Friday, October 28, 2016

yoginis and punks

Two things happened the other day that made me think critically of my wardrobe and of yoga. The first, was hearing a man complain about woman wearing yoga pants. The second, was stumbling on the Hard Times article, Aging Punk Loses Battle With Comfortable Clothes. This piece of intense journalism, showcases what it is like to have a particular sense of style and be drawn in by the evils of practicality.

The truth is, I am a post punk girl who wears yoga pants.

There seems to be controversy around woman wearing yoga pants in public. Honestly, I think the controversy comes in when a woman's body is showcased in a way that "overly stimulates" others or "visually offends" the sensitive sensibilities of the masses. There are many of us that wear yoga pants that are ignored. Mainly, because it appears we are wearing "work pants" or "leggings". Of course, there are always going to be a group of nay-sayers. I don't really care, so this is sort of a non sequitur.

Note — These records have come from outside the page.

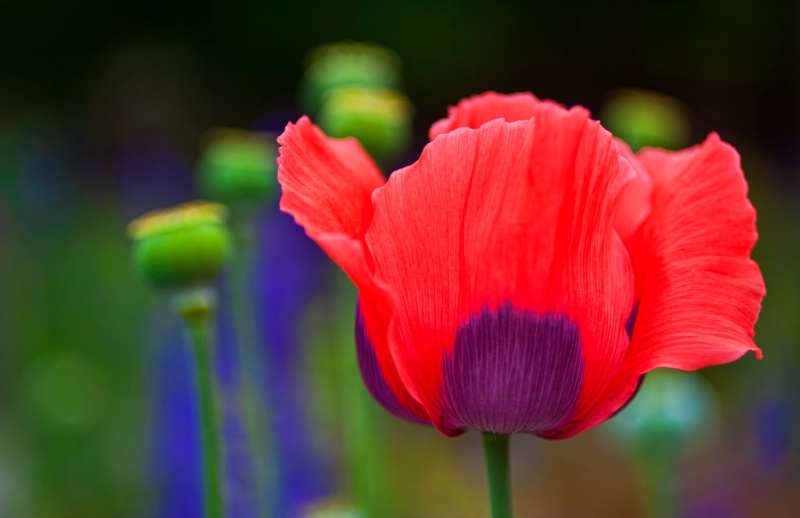 BiColored Poppy 2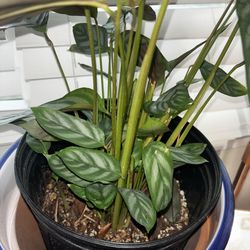 Indoor & Outdoor plants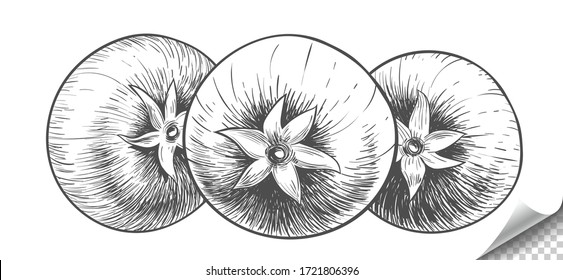 Three tomatoes hand-drawn illustration. Front view. Isolated illustration of a tomato in the style of a pencil drawing or engraving. Detailed sketch of vegetarian food. Vector.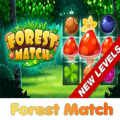 有趣的森林比赛游戏安卓版 v1.2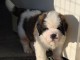 chiot saint Bernard &agrave; donner 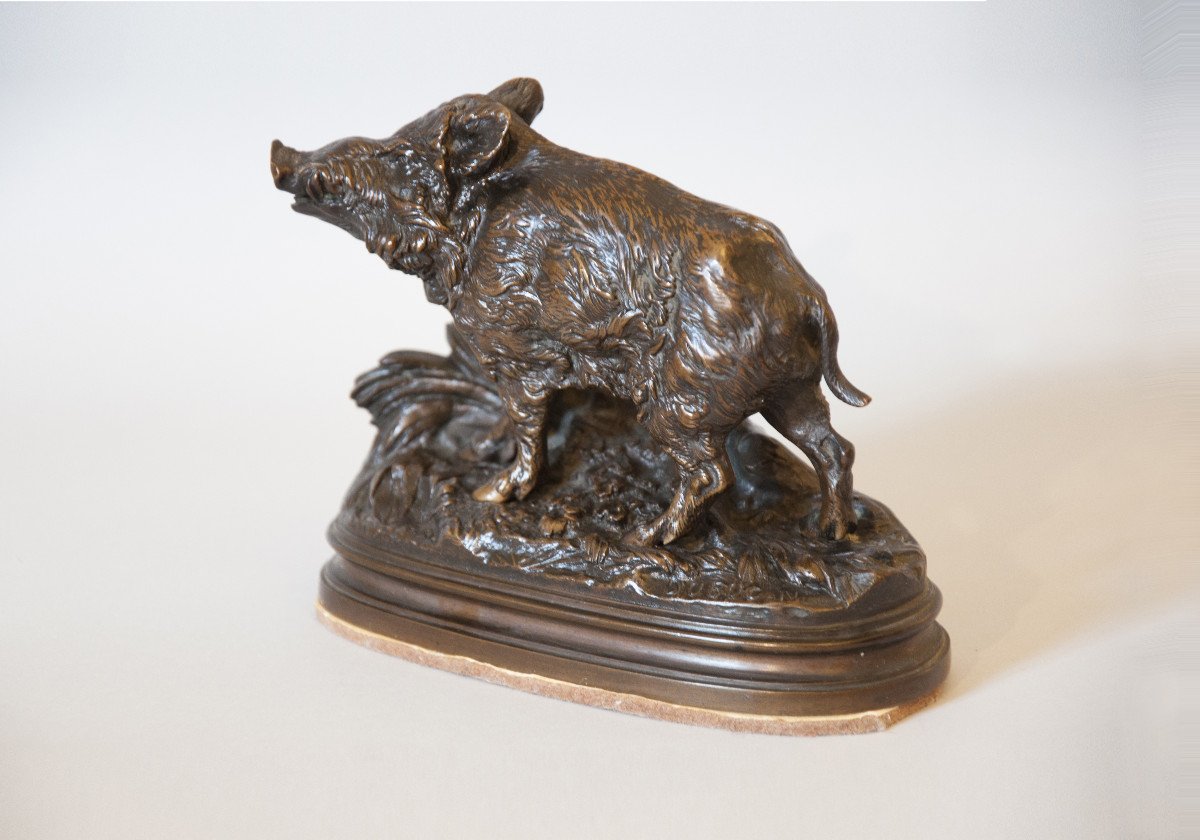 Alfred Dubucand (1828-1894), Wild Boar, Bronze-photo-4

The comfort of yoga pants got me thinking about my relationship with yoga. I've been doing yoga for a long time. My grandmother practiced under a Guruji  I was thereby shown a very basic practice by my mother. By the age of eight, my movements and thought process had grown by watching Lilias, Yoga and You on Public Broadcasting.


Much later (in my early twenties) I was in Los Angeles and witnessed the rebirth of, "Pilates". Seeing this was surreal to me. During high school, people would look at me as if I had grown another head when I mentioned yoga. But, all over Los Angeles woman were buying these strange rubber mats and yes, yoga pants.

Today, yoga (and the pants) are everywhere. I find it strangely suffocating. There is an obsession tied with the practice and a limited knowledge of yogic history. I mean, what would Tirumalai Krishnamacharya say about the practices of today? 

Without Krishnamacharya, a large proportion of western yoga practice wouldn't exist. The yoga that we understand today, is usually a version (or offshoot) of Krishnamacharya's Hatha yoga -- which he managed to snatch from obscurity and popularize.

This doesn't devalue yoga. I think what it does is show the tenuous flight of our human whims. The Vedic traditions hold for thousands of years culminating in a man born in 1888 who would indirectly be responsible for my favorite form of leg covering.

The wrap up? I'll listen to post punk while doing sun salutations, for the same reason I go out in public in yoga pants...I'm fucking punk.